--- ASSIGNMENT ---
Your answer must be the exact lines of the listing below that run from the line with "a kitchen with" to the line with "Imagen de la", ends included, and no pictures.
━━ RECORDS SUPPLIED ━━
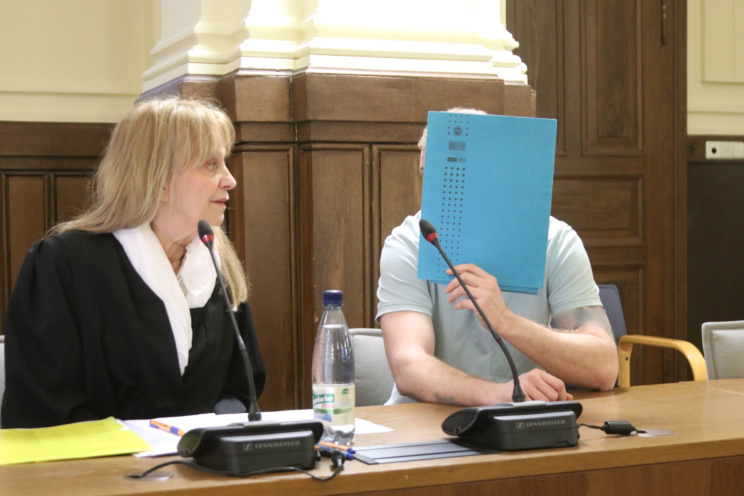 Angeklagter, der sich eine Mappe vors Gesicht hält, mit einer Verteidigerin.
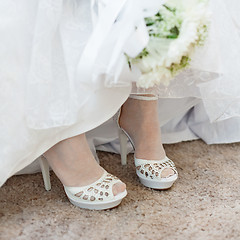 Image showing Shoes of bride under wedding dress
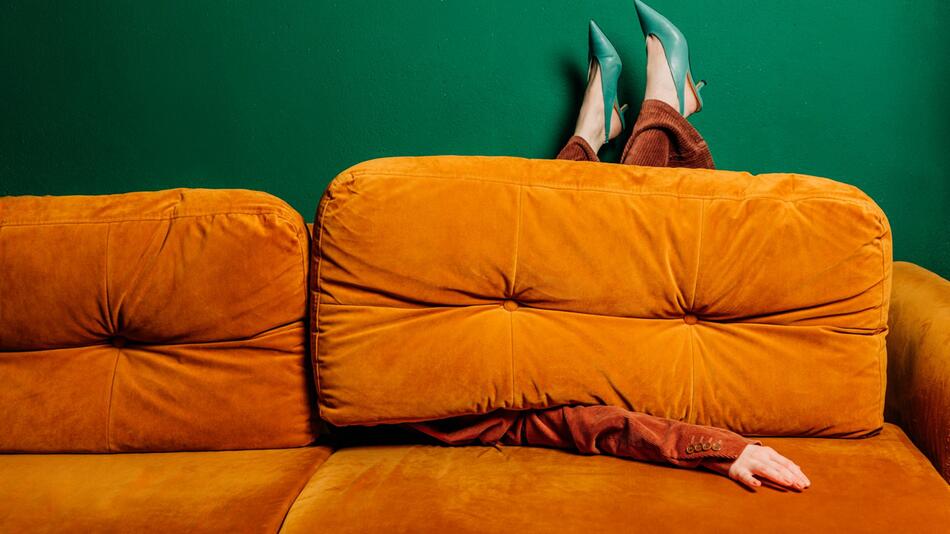 EIne Frau ist teilweise verdeckt von einem Sofa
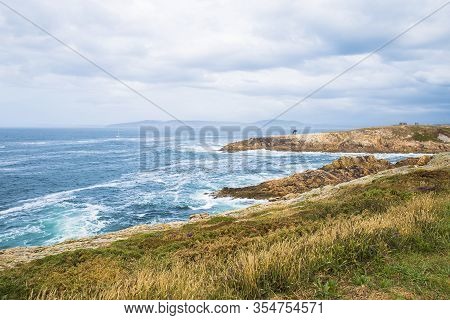 A Coruna, Spain - July 25, 2019: Landscape Of The Atlantic Ocean With The Sculpture Of The Caracola 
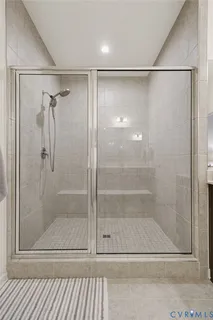 a kitchen with stainless steel appliances a sink dishwasher a refrigerator a stove top oven a refrigerator and cabinets with wooden floor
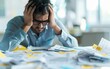 © patcharida - Businessman stressed over a pile of tax bills and receipts, Tax Burden, Financial Stress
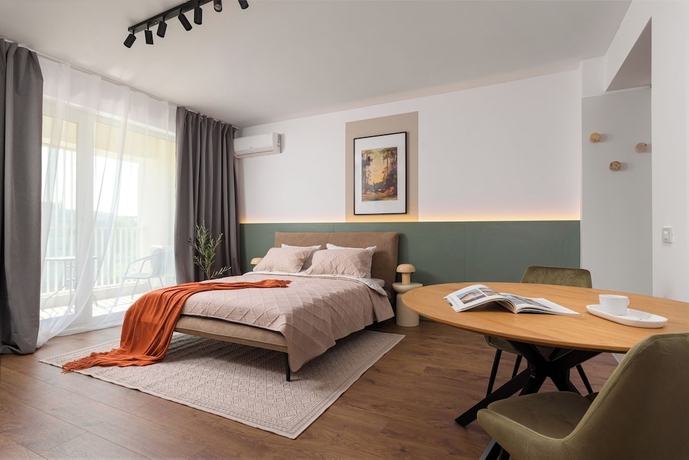 Imagen de la habitación del Hotel HUBIX - City of Mara Apartments. Foto 4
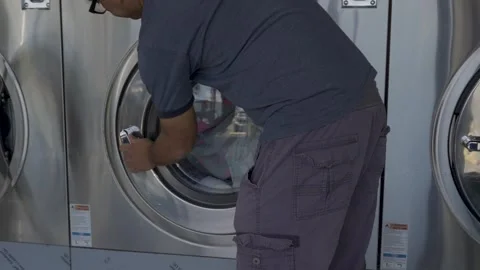 Closing the washing machine door Video stock 310228474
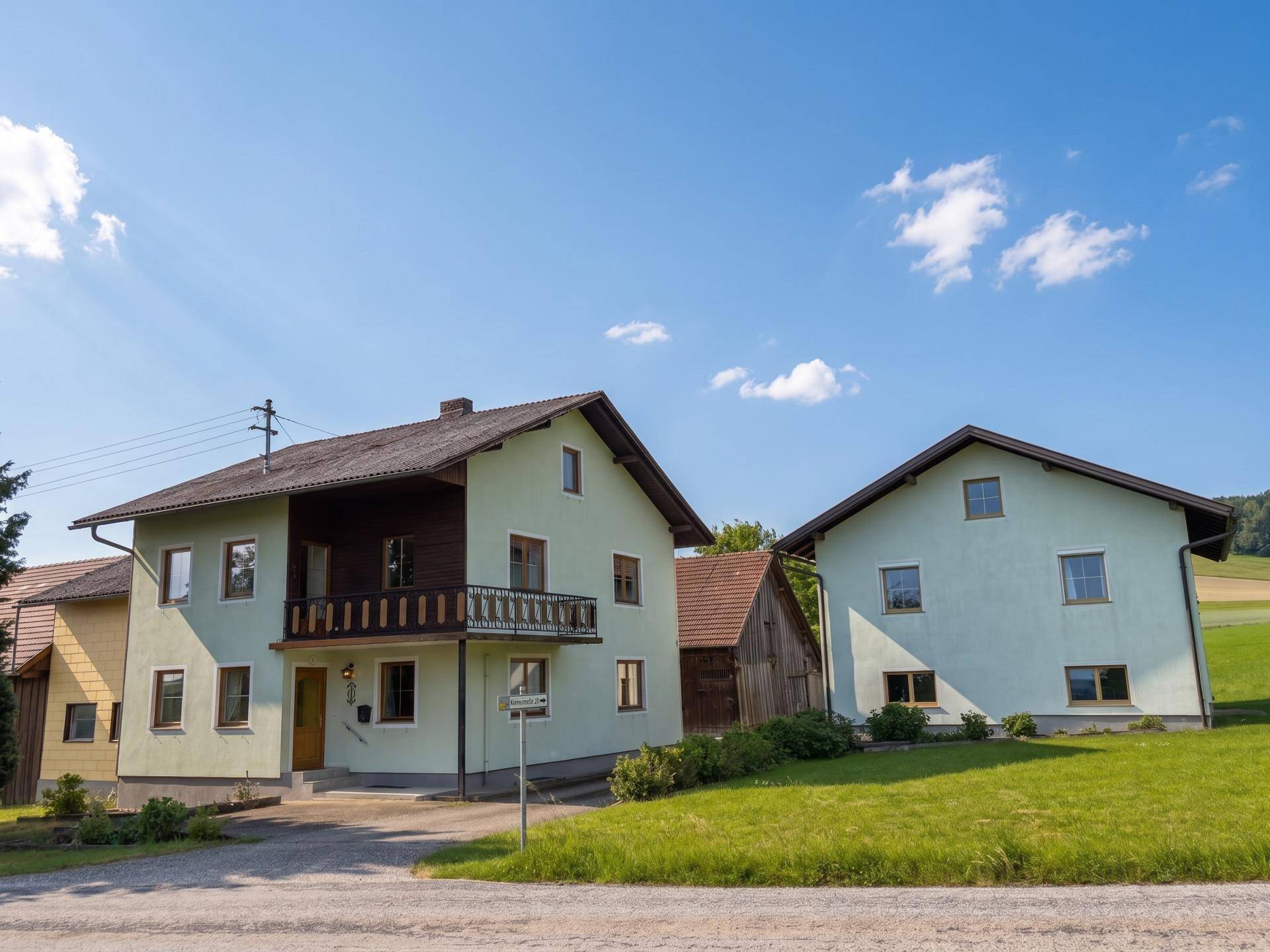 Hauptgebäude mit hellgrüner Fassade, Holzbalkon und Satteldach in ländlicher Umgebung.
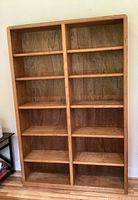 Front view of oak bookshelf showing full height and width with evenly spaced shelves.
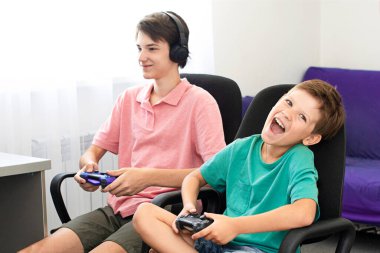 Genç çocuk internet üzerinden kulaklık, joystick ve oyun konsoluyla bilgisayar oyunu oynuyor..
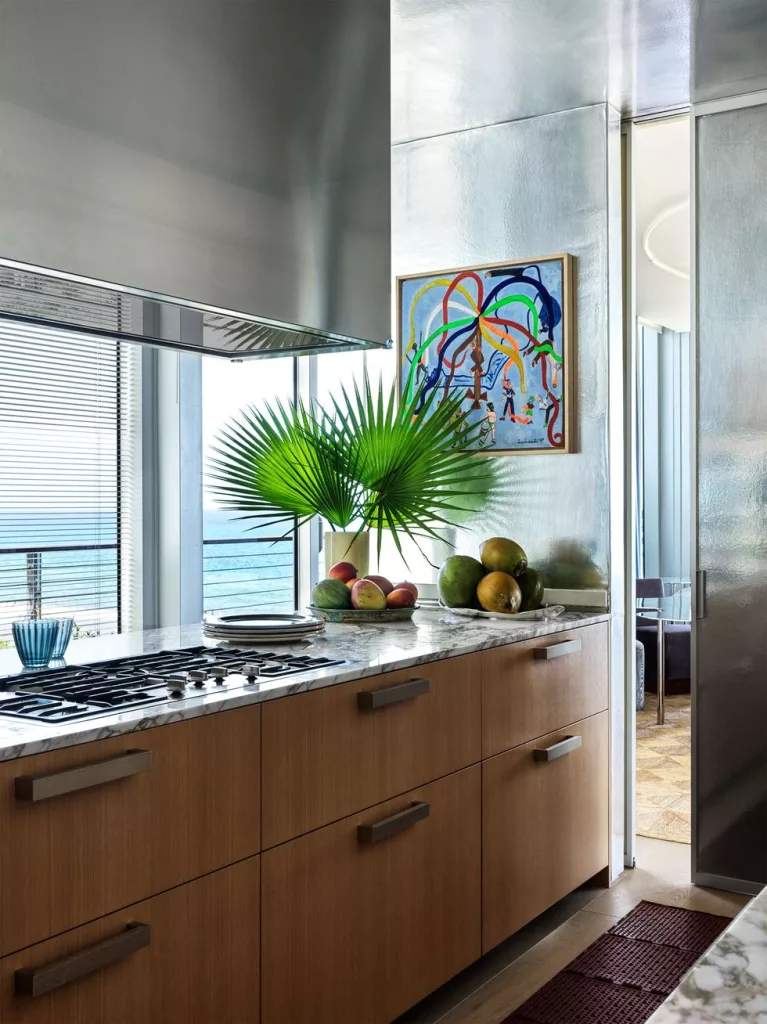 a kitchen has wood cabinets with a marble countertop and built in stovetop, titanium walls with a colorful abstract painting, terra cotta floor mats, windows face the sea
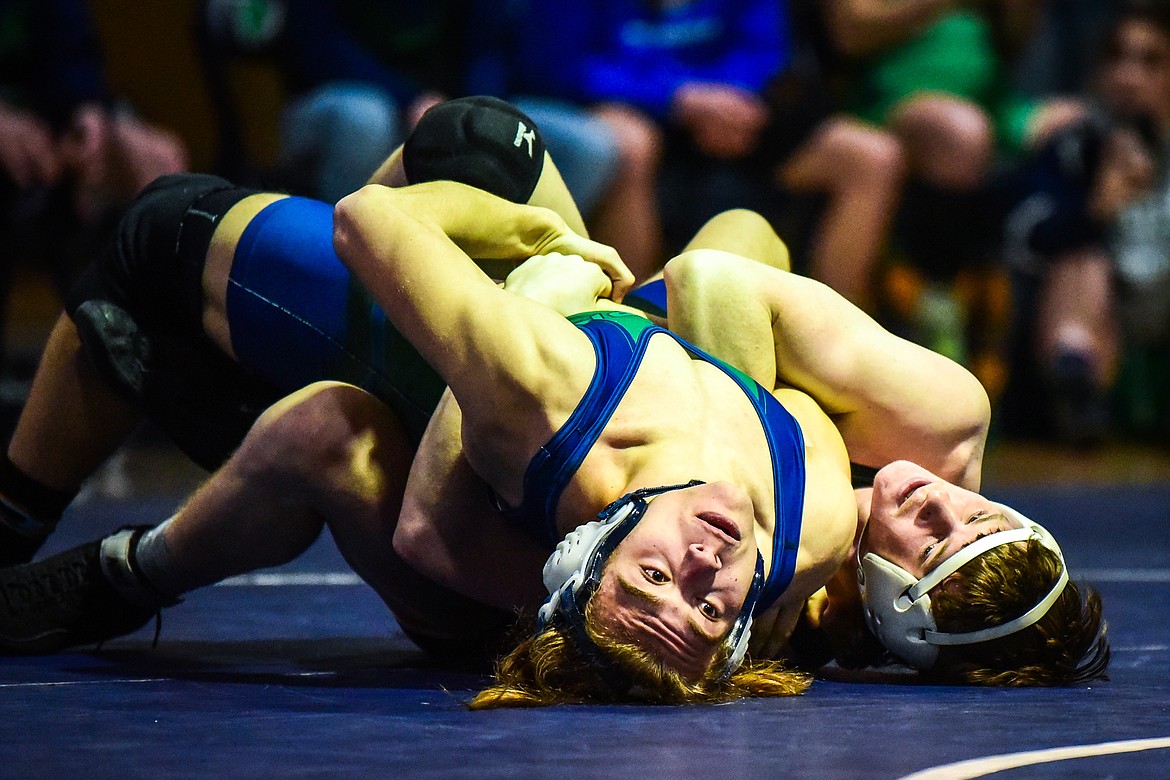 Flathead's Gabe Lake wrestles Glacier's Grayson Barcus at 160 pounds at Glacier High School on Thursday, Jan. 13. (Casey Kreider/Daily Inter Lake)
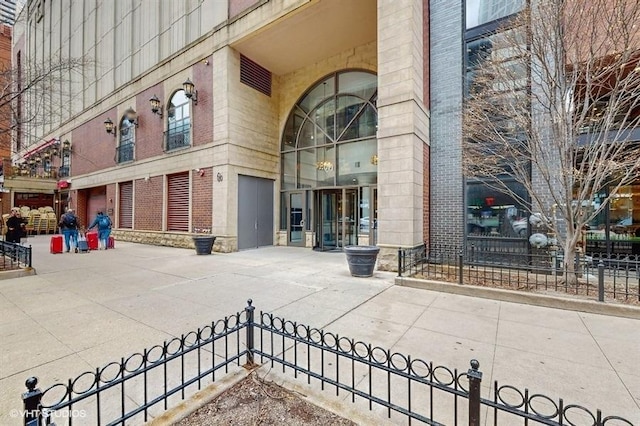 630 N State St Unit 2403, Chicago, IL 60654 - view of exterior entry featuring brick siding and stone siding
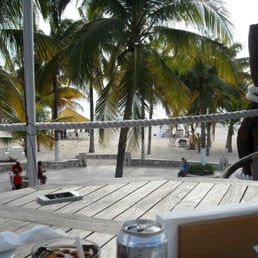 Look past the palms to see the crystal clear water on the upstairs deck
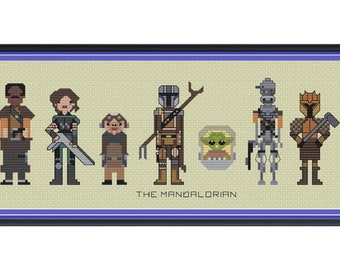 Peut inclure: Une broderie au point de croix encadrée représentant des personnages de "The Mandalorian". L'œuvre montre des personnages pixélisés du Mandalorien, Grogu et d'autres personnages. Le titre "THE MANDALORIAN" est brodé en dessous. Le cadre est noir.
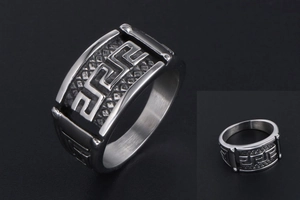 Close-up of vintage titanium steel ring featuring Greek meander pattern and textured mesh detail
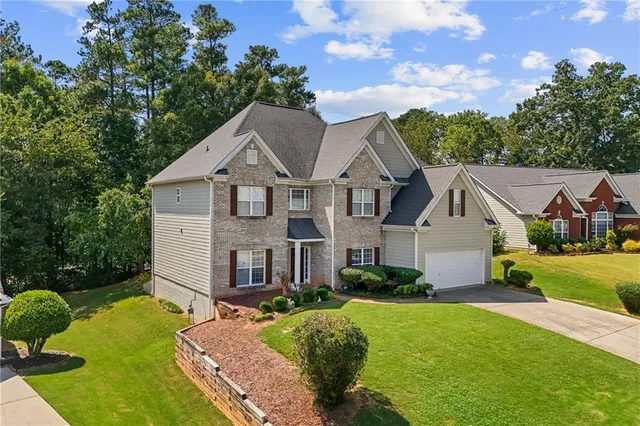 a front view of a house with yard and green space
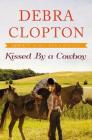Kissed by a Cowboy (Four of Hearts Ranch Romance #3) By Debra Clopton Cover Image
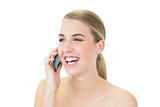 Cheerful attractive blonde on the phone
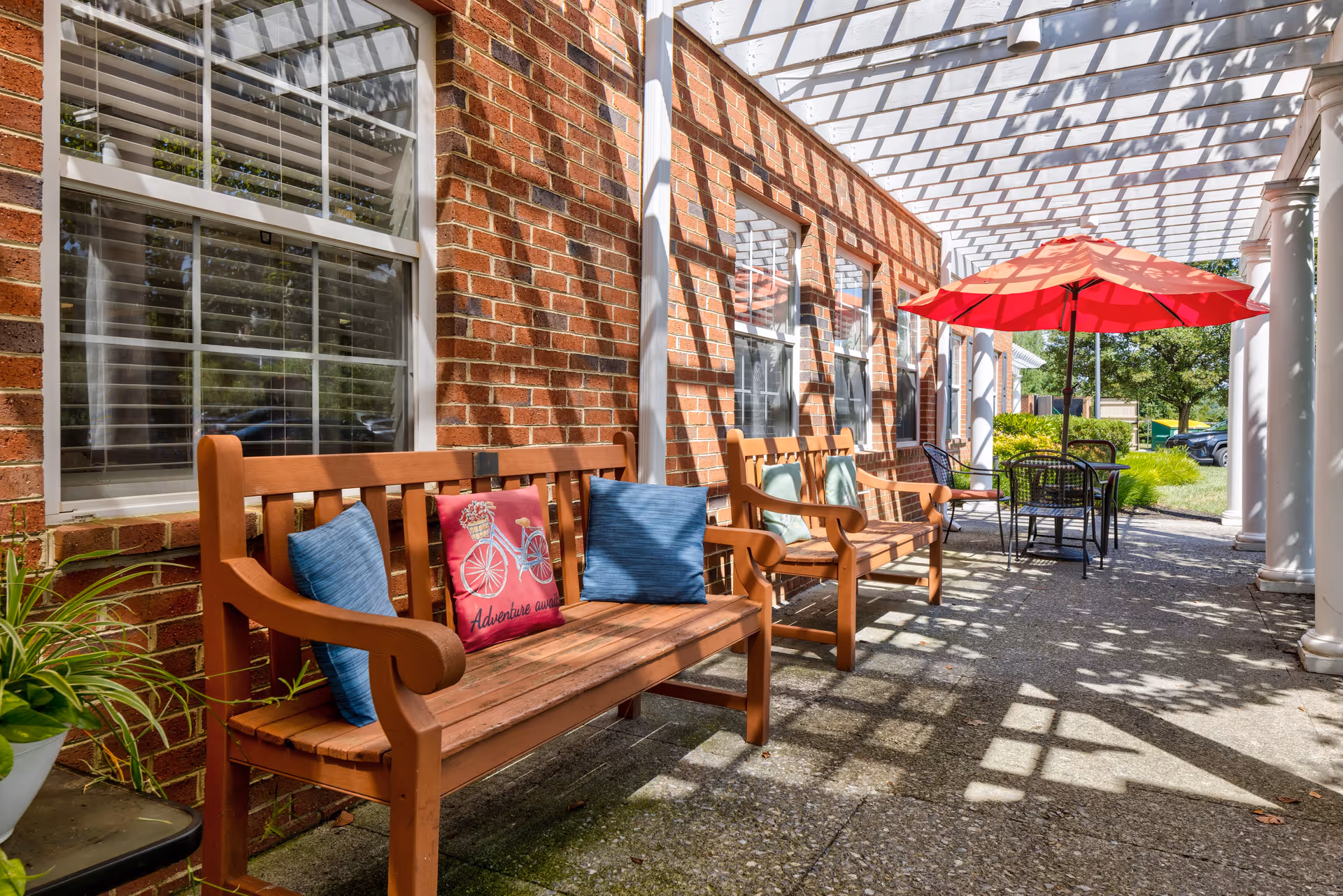 Outdoor patio area with wooden benches adorned with colorful cushions, a table with chairs under a red umbrella, and a brick wall with windows. The area is shaded by a white pergola casting shadows on the ground.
━━━
--- REPLY TO THE TASK ---
 a kitchen with stainless steel appliances a sink dishwasher a refrigerator a stove top oven a refrigerator and cabinets with wooden floor
 © patcharida - Businessman stressed over a pile of tax bills and receipts, Tax Burden, Financial Stress
 Imagen de la habitación del Hotel HUBIX - City of Mara Apartments. Foto 4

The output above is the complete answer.